Il nous a fallu isoler certains comportements complexes des internautes. A la Fnac, beaucoup de clients achètent des cadeaux pour leurs proches par exemple. Comment recommander le bon produit à une personne qui achète un livre sur Platon puis des disques de hard rock pour son fils ? Cela rajoute des couches de difficultés supplémentaires pour les algorithmes. Nous travaillons sur des pistes que nous ne pouvons pas encore dévoiler.

Il existe des solutions sur le marché qui accompagnent les retailers dans leur stratégie de personnalisation. Pourquoi avoir décidé de reprendre cela en main ?

"Actuellement, nous comparons nos anciens algorithmes par rapport à nos nouveaux algos auto-apprenants"

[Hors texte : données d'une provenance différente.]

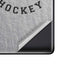NHL Los Angeles Kings Black Text Google Pixel 6 Pro Skin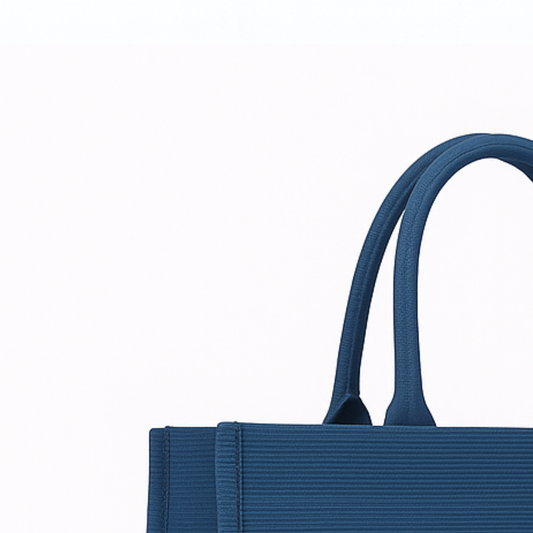 #18 Große Tote-Tasche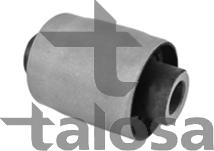 Talosa 57-16495 - Suport,trapez aaoparts.ro
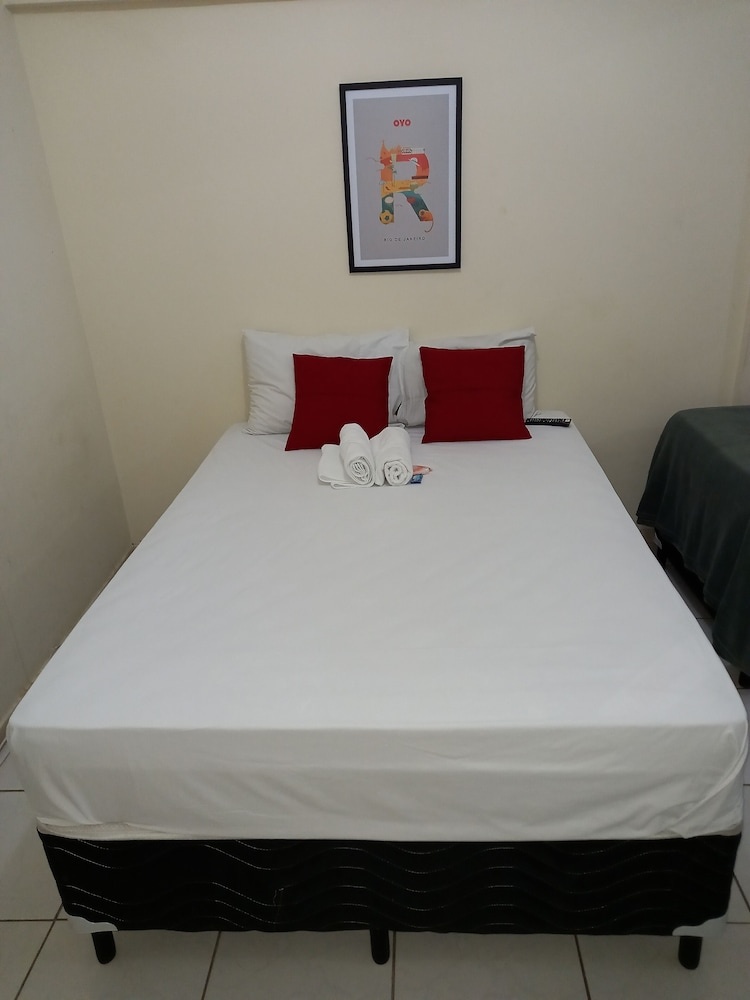 Ps Hotel Manilha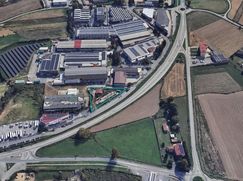 Terreno edificabile in Residenziale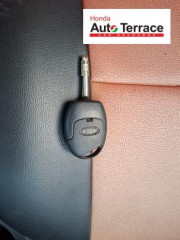 2010 Ford&nbsp;Figo Petrol ZXI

Nous pensons pouvoir faire mieux en interne. De nombreuses solutions technologiques proposent en effet des boîtes noires avec des algorithmes de recommandation. Chez Fnac, nous travaillons toujours avec la solution de personnalisation Early Birds. Cette dernière nous propose sa structure (framework) comme auparavant et assure la gestion des flux, les règles du merchandising, l'injection du catalogue, le temps réel… Ce qui nous permet de nous concentrer sur l'essentiel : la partie big data et les algos. Autrement dit, nous injectons nos propres algorithmes dans leur écosystème. La raison de cette évolution est simple, nous connaissons mieux que quiconque nos marchés, nos clients et notre catalogue.

Quel est le coût de ce genre de démarche ?

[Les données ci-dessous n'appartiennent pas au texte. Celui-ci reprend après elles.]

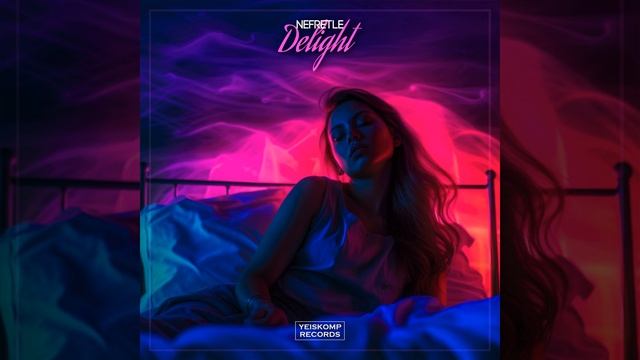 Delight смотреть онлайн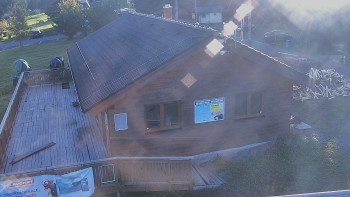 Snímek    19.9.2025 v 08:00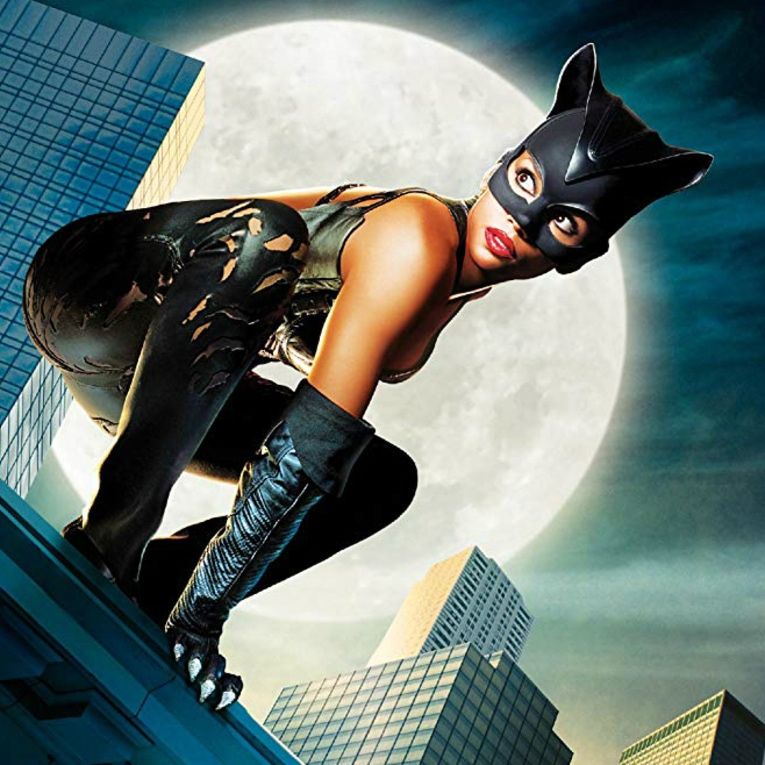 halle-berry-catwoman-regret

Le coût humain est le premier poste de dépenses. Il faut mettre des personnes compétentes sur le projet, notamment des data scientists. Cela prend plus de temps que d'utiliser uniquement une plateforme tierce. Il y a un coût technique aussi, autour du stockage et du cloud. Cependant, nous pensons rentabiliser cet investissement très vite. Nous ne pouvons pas encore communiquer au marché notre ROI, mais nous sommes très satisfaits des premiers résultats. Nous avons fortement amélioré nos performances de vente.

Quelles sont les prochaines étapes de ce développement ?

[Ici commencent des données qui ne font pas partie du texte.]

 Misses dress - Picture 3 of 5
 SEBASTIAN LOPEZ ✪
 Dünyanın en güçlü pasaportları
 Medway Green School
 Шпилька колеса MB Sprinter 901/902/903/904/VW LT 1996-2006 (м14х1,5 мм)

Actuellement, nous comparons nos anciens algorithmes par rapport à nos nouveaux algos auto-apprenants. Nous mesurons le gain généré via de l'AB testing. Ensuite, nous les déploierons progressivement sur tous nos sites en France, à la Fnac.com, puis sur Darty.com. Ensuite, ce sera l'internationalisation avec la Fnac Suisse, Espagne, Portugal… En 2019, tous nos sites utiliseront ces algorithmes. Par ailleurs, nous travaillons à leur amélioration : tests en permanence, création de parcours de ventes croisées avec les garanties d'assurances par exemple… Nous souhaitons être très innovants sur les ventes croisées (cross selling), mais également amener cette recommandation dans nos centres d'appels (call center) et dans nos magasins.

François Ozanne est directeur web et UX chez Fnac Darty, où il s'occupe notamment de l'expérience utilisateur, des équipe data , du contenu ou encore du SEO, ainsi que des sites internationaux. Il travaille à la Fnac depuis treize ans. Il est diplômé de la Neoma business school.